AFL match review using GPS data
Project Background
Understanding how workrate and high speed efforts change throughout a match is essential for high-performance staff when assessing team endurance and individual player output. This project focuses on two dashboards designed to analyse work rate, high-speed running, and sprint running across each quarter and compare match performance to season averages.
These metrics are measured in metres per minute (m/min) to account for variations in match and quarter lengths, as well as differences in player “time on ground”. Using absolute metres would not provide an accurate reflection of intensity, as players with lower game time would naturally record lower totals.

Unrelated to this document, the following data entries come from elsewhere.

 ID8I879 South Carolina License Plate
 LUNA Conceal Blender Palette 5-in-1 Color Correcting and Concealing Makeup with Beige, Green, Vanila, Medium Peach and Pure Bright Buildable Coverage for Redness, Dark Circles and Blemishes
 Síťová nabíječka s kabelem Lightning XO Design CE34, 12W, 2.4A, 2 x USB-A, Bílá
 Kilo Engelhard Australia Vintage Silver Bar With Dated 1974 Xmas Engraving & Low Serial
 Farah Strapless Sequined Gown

The first dashboard provides a quarter-by-quarter breakdown for the entire team, highlighting performance drop-offs over a match and how match metrics compare to season averages. The second dashboard focuses on individual player performance, displaying their match metrics against their personal best. High-performance staff can use these metrics to assess performance and determine whether athletes are maintaining their intensities throughout the season. Coaches can evaluate individual player output, and in cases where selection changes are needed due to omission or injury, they may prioritise a player with a similar physical output to ensure a like for like replacement.
Stakeholders
High-Performance Manager
Athletes
Strength & Conditioning coaches
Physiotherapists
Selection Committee (Head Coach, Assistant Coaches, Head of Football)
Data Structure
This is a real-world dataset taken from Australian football athletes across an entire season. The datasets were randomised to protect privacy and intellectual property. 4 tables were used, consisting of the following structure:
quarter_by_quarter: 836 rows x 6 columns
fixture: 9 rows x 3 columns
profiles: 29 rows x 2 columns
afl_teams: 19 rows x 2 columns
Data Cleaning, Transformation & Manipulation
This project focused on extracting, transforming, and analysing GPS match performance data to assess team and player work rate trends. The SQL workflow incorporated common table expressions, joins, aggregations, and ranking functions to process and structure the data for visualisation.

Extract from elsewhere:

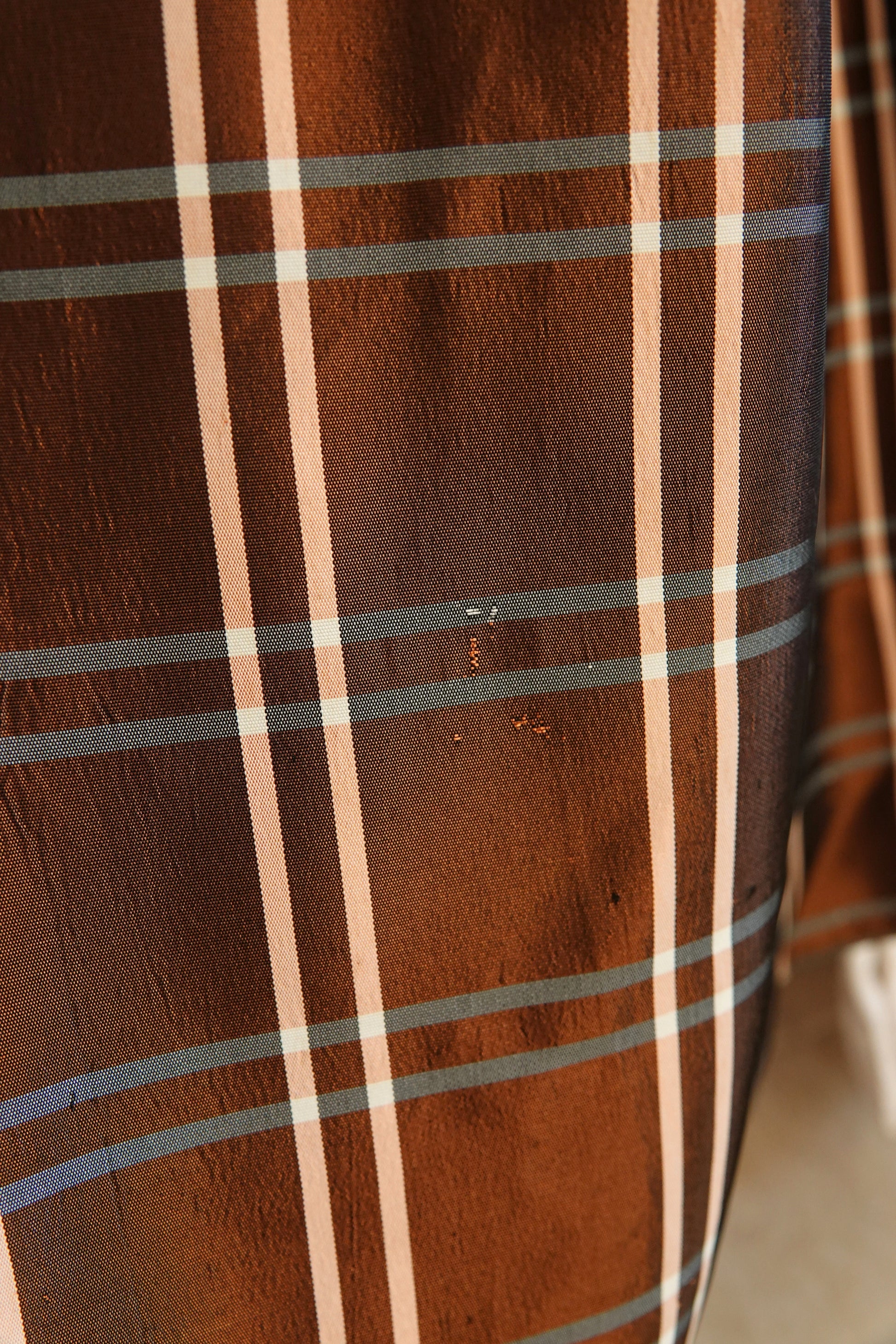 Party Lines by Domb 1940s brown plaid taffeta gown, Made in California label — Disco Palma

Team averages for work rate, high-speed running, and sprint running per match were calculated using aggregate functions. Percentage change and binary calculations were applied to highlight positive and negative shifts relative to the season average.

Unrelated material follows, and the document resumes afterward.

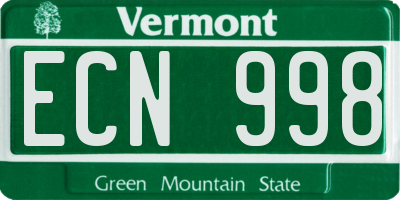 VT license plate ECN998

Match performance data, broken down by quarters, was merged with fixture details to align match rounds with opponents and dates.
Pivoting techniques were then used to restructure the data into a format suitable for visualisation tools.
Subqueries identified each player’s personal best performance before their current match, and percentage change calculations measured improvements in work rate, high-speed running, and sprint running. Rankings were applied to highlight the players who showed the most improvement in each match across these three metrics.
Data Visualization
Power BI was used to visualise the change of intensity each quarter, incorporating filters to select specific rounds with opposition logos linked. Binary performance indicators were used to display up or down arrows when comparing match performance to the season average, requiring custom columns to determine colour selection. The player dashboard leveraged ranking data to highlight the most improved players, with profile images dynamically retrieved using the image URL.
For this project, the scenario question is used:
"What were the running outputs like in the Round 8 match?"
Overview of findings
The squad’s overall workrate, high speed running, and sprint running were all below the season average in Round 8, with a particularly slow start in the first quarter. While a few players, such as Janik Sinner and Elon Musk, maintained performances close to their personal bests, many struggled, with sprint running heavily impacted by the wet conditions. Intensities improved as the match progressed but dropped again in the final quarter, where workrate fell to 103 m/min, high-speed running to 24.1 m/min, and sprint running to 3.4 m/min.
Squad Level Findings
In Round 8, the squad’s workrate was 8% lower than the season average, with high-speed running down by 12% and sprint running down by 10%.
The team had a slow start in the first quarter, recording 104m/min for workrate. Typically, the first quarter sees the highest intensities across all three metrics, yet high-speed running was 26.7 m/min (the second lowest quarter of the match), while sprint running was just 3.3 m/min (the lowest quarter of the match).
As the match progressed, intensities across all three metrics improved before declining again in the final quarter, where workrate dropped to 103 m/min, high-speed running to 24.1 m/min, and sprint running to 3.4 m/min.
Player Level Findings
Janik Sinner and Elon Musk were the only two athletes to achieve within 10% of their personal best for work rate, recording 116m/min and 115m/min respectively. Alexander Zverev showed the greatest high-speed running in comparison to personal bests, finishing just 7% short of his at 33m/min.
Donald Trump recorded the highest workrate (123m/min) and high-speed running (41m/min) for the match, while also setting a 4% personal best in sprint running, reaching 7.6 m/min.
Several players recorded less than 50% of their typical sprint running output, largely due to continuous rain, which impacted ball movement and led to frequent stoppages, reducing overall match intensity.